Even though many of the factors with an influence on the dMRI data have been studied before, they have usually been analyzed independently. The combined effects of the acquisition parameters on the scalar measures employed in white matter studies has not been thoroughly studied.

This paper, thus, evaluates the influence of the major DTI acquisition parameters (b-value, number of diffusion orientations and voxel spacing resolution) and the choice of a tractography algorithm on the output of a white matter analysis of some major fiber bundles of the brain using a tract-based approach.

As there are many possible combinations of factors that could be studied, we have centered our efforts on those acquisition parameters that are commonly adjusted when performing DTI scans in clinical applications or DTI group studies, on the one hand, and on those DTI-derived scalar measures that have a clear potential as quantitative biomarkers.
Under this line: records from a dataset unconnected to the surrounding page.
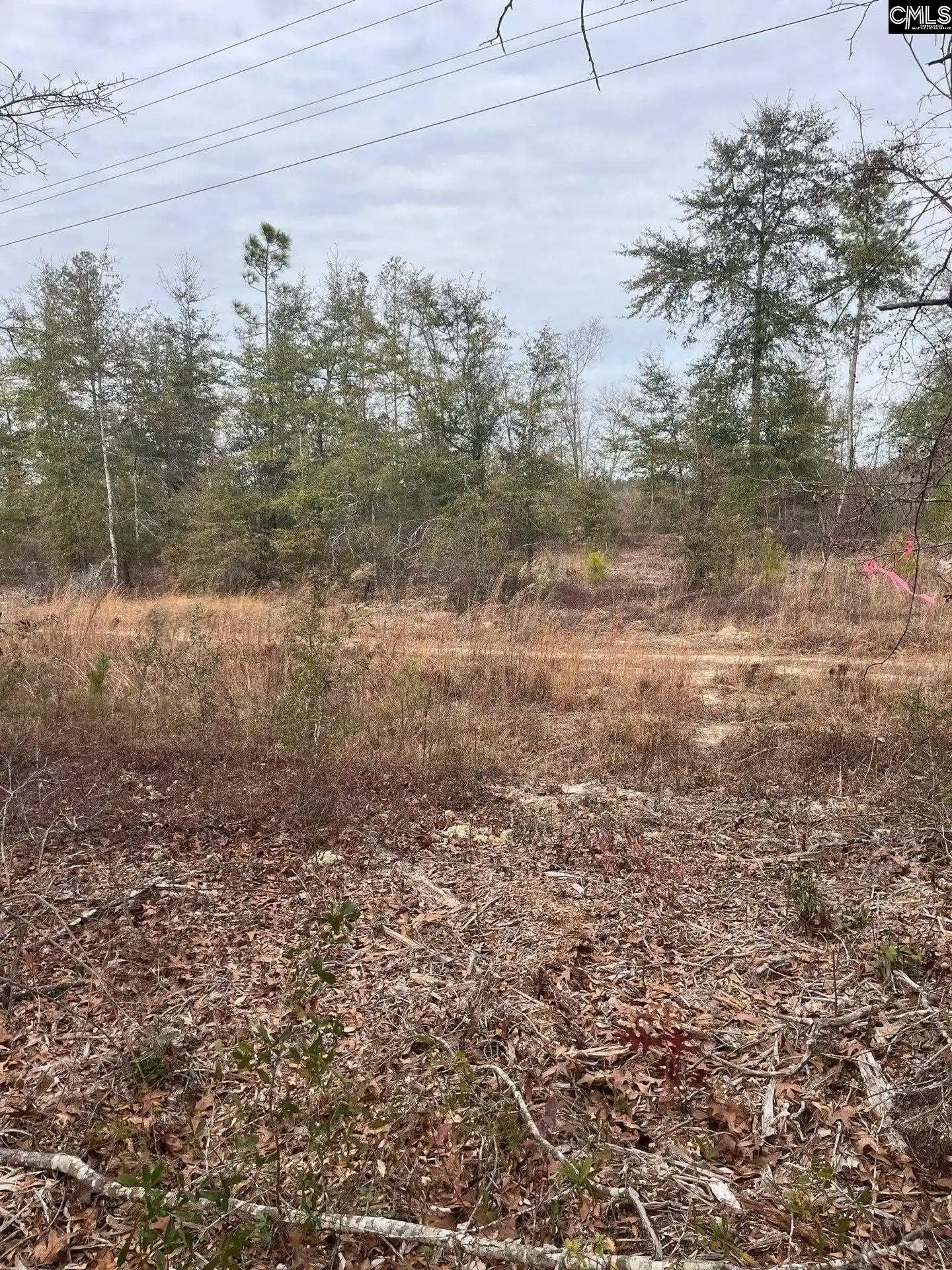 4th image of Whl 7 Rainbow #WHL 7, Salley, SC 29137 | MLS# 637571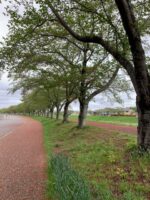 Thumbnail of related posts 153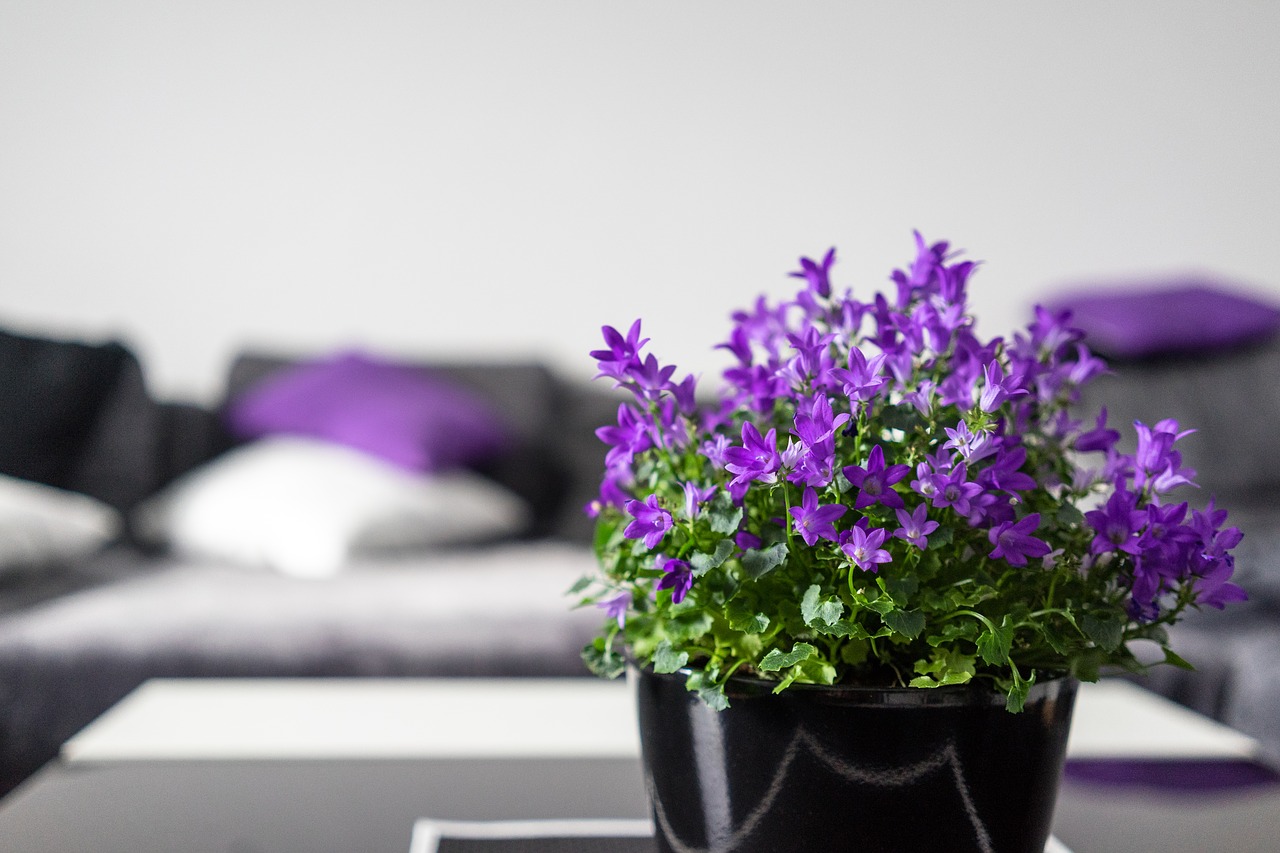 Image - violet interior setup flowers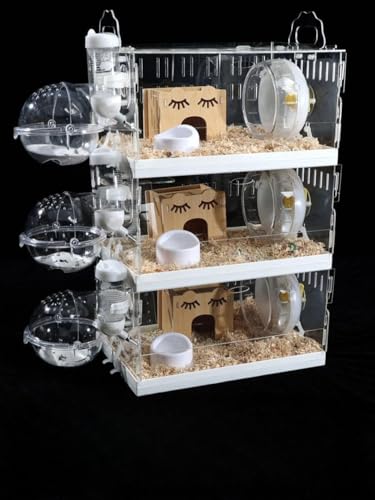 WafitynX^[P[W Eoɂ lXȃX^C̑gݍ킹p\ g ^т₷ g[fUC |₷ ʋCς 3i܂Őςݏdˉ\ ^т₷ GRȃAN SȃANZT (3wMTCYi30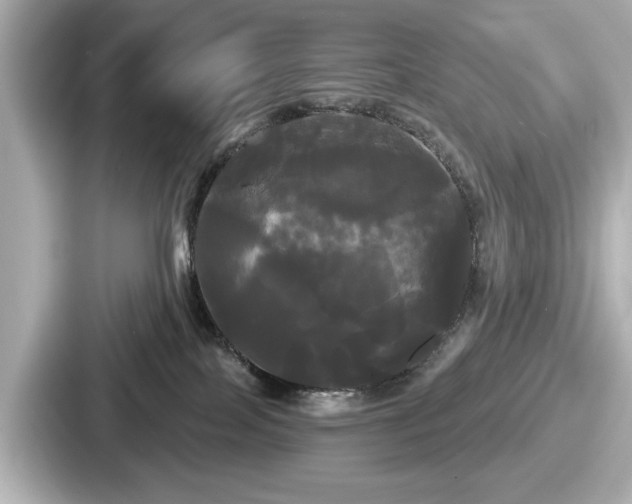 X0000087630089200705101036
There exists previous literature that studies the effect of some parameters independent, but the main contribution of this paper is to show the combined effect of these three main acquisition parameters.

Nevertheless, more information about other possible combinations of parameters can be found on the supplementary information that accompanies this paper: the MATLAB data in S2 File and the tables in S3 File.

A glossary of the terms employed on this paper can be seen in Table 2.

Materials and Methods

The main objective of this paper is the quantification of the variability of the scalar measures most commonly employed in clinical studies as a function of the acquisition parameters. To that end, data sets from 13 different control subjects obtained with different combinations of the acquisition parameters are considered. Scalar measures were derived from two major white matter fiber bundles (Corpus Callosum and Cingulum) from the results of two different tractography algorithms: a streamline Runge-Kutta tractography (RKT) algorithm and a global tractography (GT) algorithm [23].

Four DTI scalar measures were considered: Fractional Anisotropy (FA), Mean Diffusivity (MD), Axial Diffusivity (AD) and Radial Diffusivity (RD), as defined in [38]. Additionally, four fiber-related measures were also analyzed: number of fibers obtained by the tractography algorithm, average length of the fiber tracts in each bundle, total volume occupied by the tracts of each bundle and overlapping volume between reconstructions.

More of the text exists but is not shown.